**What to do**
Below are some records. Reproduce them exactly from their first line through the line with "Oxen and cows", inclusive.

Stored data

=====

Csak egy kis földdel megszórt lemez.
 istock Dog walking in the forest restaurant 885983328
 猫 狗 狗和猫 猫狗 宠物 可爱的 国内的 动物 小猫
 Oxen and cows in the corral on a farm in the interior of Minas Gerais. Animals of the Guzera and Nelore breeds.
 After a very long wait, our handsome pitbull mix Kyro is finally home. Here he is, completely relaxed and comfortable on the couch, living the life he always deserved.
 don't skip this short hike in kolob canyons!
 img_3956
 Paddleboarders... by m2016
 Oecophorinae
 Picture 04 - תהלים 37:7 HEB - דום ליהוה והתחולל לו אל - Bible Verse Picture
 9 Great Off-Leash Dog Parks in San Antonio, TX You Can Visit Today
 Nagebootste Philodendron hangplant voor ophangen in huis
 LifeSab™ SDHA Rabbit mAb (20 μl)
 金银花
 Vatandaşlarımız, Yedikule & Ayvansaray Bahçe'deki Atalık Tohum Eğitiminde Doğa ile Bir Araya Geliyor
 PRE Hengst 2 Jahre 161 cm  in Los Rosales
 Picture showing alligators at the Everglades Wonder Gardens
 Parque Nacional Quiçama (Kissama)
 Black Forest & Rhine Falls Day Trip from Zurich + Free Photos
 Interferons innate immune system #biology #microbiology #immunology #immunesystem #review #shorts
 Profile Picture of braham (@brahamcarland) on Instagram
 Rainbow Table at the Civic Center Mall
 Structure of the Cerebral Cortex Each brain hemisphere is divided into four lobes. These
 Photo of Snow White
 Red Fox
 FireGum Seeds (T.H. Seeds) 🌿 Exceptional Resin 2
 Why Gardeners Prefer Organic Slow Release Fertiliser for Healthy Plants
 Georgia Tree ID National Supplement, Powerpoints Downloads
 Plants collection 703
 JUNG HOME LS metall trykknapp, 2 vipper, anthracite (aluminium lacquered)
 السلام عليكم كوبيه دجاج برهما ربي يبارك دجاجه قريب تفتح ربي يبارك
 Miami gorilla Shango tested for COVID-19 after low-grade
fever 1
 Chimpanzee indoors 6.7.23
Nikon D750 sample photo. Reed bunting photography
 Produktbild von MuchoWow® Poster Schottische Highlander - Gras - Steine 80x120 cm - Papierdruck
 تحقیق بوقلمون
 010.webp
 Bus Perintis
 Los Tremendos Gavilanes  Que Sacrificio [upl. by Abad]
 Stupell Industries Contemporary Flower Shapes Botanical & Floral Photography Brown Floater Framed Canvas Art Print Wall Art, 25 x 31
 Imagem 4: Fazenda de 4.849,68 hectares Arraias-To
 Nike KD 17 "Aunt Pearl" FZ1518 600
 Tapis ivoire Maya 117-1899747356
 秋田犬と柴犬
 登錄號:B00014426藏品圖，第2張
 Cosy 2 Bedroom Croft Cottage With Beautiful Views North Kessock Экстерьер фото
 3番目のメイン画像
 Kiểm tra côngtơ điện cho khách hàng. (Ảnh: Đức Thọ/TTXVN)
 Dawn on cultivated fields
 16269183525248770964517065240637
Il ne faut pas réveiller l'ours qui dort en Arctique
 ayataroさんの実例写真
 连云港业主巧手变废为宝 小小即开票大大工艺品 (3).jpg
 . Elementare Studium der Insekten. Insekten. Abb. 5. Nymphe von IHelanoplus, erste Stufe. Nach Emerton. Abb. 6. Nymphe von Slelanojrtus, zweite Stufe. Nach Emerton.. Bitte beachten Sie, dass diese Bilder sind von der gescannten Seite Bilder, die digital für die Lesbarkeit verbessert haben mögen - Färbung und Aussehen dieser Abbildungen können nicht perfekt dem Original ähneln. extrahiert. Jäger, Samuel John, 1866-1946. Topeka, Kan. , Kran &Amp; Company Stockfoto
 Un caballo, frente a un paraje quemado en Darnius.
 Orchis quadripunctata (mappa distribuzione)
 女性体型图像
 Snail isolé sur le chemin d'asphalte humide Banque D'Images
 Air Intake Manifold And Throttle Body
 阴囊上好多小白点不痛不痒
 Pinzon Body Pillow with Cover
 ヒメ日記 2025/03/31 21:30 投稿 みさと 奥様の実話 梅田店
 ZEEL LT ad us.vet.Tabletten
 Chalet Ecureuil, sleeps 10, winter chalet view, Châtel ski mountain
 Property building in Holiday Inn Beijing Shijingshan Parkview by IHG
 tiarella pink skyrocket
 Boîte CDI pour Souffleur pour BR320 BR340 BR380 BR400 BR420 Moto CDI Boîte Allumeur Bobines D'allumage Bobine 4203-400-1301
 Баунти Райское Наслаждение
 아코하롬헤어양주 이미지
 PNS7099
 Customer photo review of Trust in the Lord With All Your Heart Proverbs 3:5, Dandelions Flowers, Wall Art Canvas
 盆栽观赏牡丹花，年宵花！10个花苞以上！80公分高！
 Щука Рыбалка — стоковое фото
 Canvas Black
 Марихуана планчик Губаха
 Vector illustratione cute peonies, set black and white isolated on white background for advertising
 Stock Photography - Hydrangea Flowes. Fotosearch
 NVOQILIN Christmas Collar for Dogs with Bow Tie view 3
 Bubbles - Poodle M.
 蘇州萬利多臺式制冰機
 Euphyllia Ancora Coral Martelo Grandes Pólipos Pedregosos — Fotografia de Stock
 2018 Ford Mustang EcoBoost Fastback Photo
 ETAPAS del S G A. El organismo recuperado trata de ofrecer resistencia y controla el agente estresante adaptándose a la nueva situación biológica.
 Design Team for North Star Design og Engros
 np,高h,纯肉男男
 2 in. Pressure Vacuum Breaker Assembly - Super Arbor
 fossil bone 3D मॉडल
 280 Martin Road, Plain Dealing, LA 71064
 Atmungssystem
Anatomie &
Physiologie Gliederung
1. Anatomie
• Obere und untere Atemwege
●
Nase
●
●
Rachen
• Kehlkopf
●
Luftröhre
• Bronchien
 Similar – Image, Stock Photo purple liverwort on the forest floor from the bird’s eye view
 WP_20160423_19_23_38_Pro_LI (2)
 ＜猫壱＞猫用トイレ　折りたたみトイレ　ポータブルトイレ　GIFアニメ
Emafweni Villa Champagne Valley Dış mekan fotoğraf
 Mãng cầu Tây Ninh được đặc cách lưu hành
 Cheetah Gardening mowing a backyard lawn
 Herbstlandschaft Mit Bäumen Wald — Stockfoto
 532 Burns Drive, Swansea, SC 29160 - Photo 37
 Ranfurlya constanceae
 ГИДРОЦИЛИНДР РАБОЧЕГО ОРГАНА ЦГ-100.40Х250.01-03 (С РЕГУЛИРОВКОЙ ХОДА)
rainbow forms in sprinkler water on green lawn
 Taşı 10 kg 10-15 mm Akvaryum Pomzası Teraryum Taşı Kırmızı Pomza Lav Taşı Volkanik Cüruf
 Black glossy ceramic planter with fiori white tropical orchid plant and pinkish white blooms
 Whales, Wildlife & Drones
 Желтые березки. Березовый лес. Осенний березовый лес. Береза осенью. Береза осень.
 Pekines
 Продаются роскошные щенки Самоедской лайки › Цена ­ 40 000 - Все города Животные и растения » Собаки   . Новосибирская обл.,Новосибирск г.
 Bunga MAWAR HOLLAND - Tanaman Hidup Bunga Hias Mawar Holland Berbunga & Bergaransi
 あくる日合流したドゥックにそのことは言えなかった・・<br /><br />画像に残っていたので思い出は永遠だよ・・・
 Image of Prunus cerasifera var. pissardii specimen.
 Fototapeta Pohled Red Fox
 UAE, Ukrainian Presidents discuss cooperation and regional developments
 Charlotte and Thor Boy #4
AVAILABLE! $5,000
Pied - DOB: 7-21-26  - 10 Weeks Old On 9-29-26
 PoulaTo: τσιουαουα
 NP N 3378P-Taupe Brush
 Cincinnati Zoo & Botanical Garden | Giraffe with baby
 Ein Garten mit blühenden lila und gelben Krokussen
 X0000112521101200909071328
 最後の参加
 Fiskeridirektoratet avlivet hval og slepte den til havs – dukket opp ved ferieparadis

=====

**Result for this task**
Csak egy kis földdel megszórt lemez.
 istock Dog walking in the forest restaurant 885983328
 猫 狗 狗和猫 猫狗 宠物 可爱的 国内的 动物 小猫
 Oxen and cows in the corral on a farm in the interior of Minas Gerais. Animals of the Guzera and Nelore breeds.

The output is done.